> [Assignment] The full set of entries below, restated word for word and stripped of images, is the expected result.
--------------------------------------------------
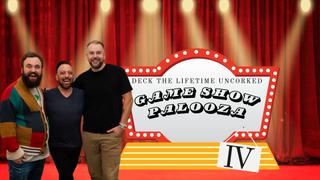 Deck the Lifetime Uncorked Game Show Palooza: Pt 4 ft. Patrick Serrano
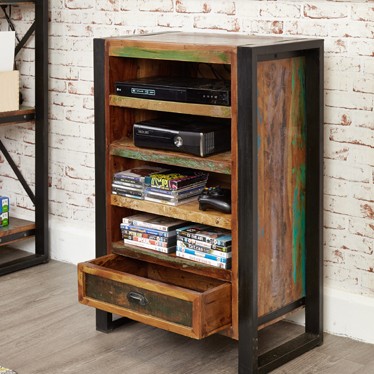 Urban Chic Entertainment Cabinet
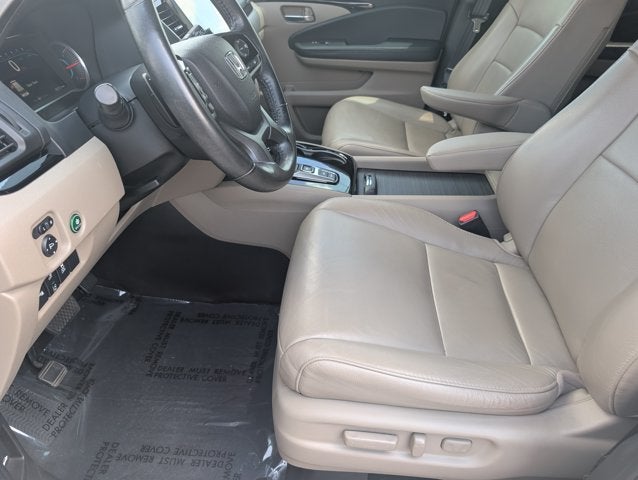 2021 Honda Pilot Touring 7-Passenger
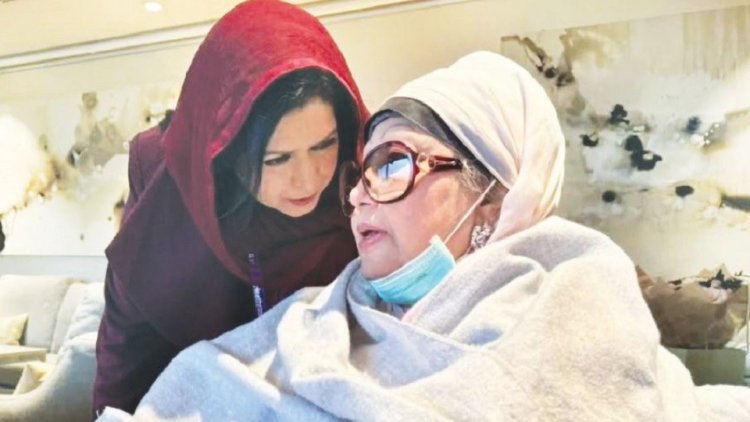 খালেদা জিয়ার সফরসঙ্গী হচ্ছেন যারা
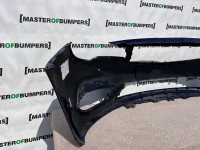 Vauxhall Astra K Se Elite Face Lift 2016-2019 Front Bumper 4 Pdc Genuine [q61]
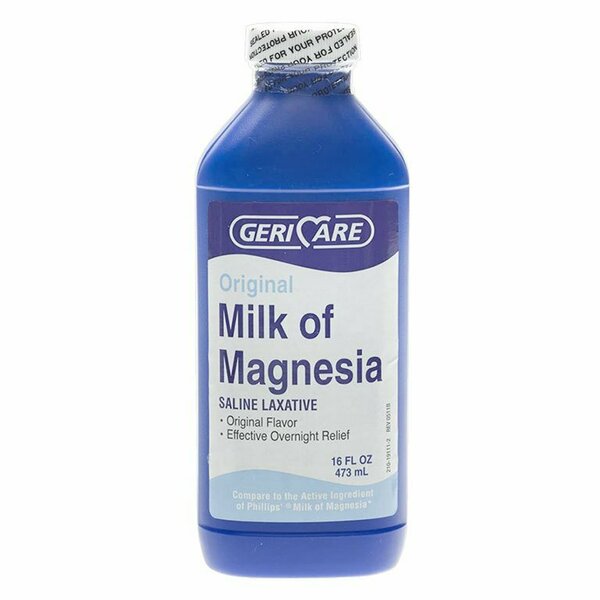 Geri-Care Milk of Magnesia, 16 oz OTC64916H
--------------------------------------------------
> [Response to this task]
 Deck the Lifetime Uncorked Game Show Palooza: Pt 4 ft. Patrick Serrano
 Urban Chic Entertainment Cabinet
 2021 Honda Pilot Touring 7-Passenger
 খালেদা জিয়ার সফরসঙ্গী হচ্ছেন যারা
 Vauxhall Astra K Se Elite Face Lift 2016-2019 Front Bumper 4 Pdc Genuine [q61]
 Geri-Care Milk of Magnesia, 16 oz OTC64916H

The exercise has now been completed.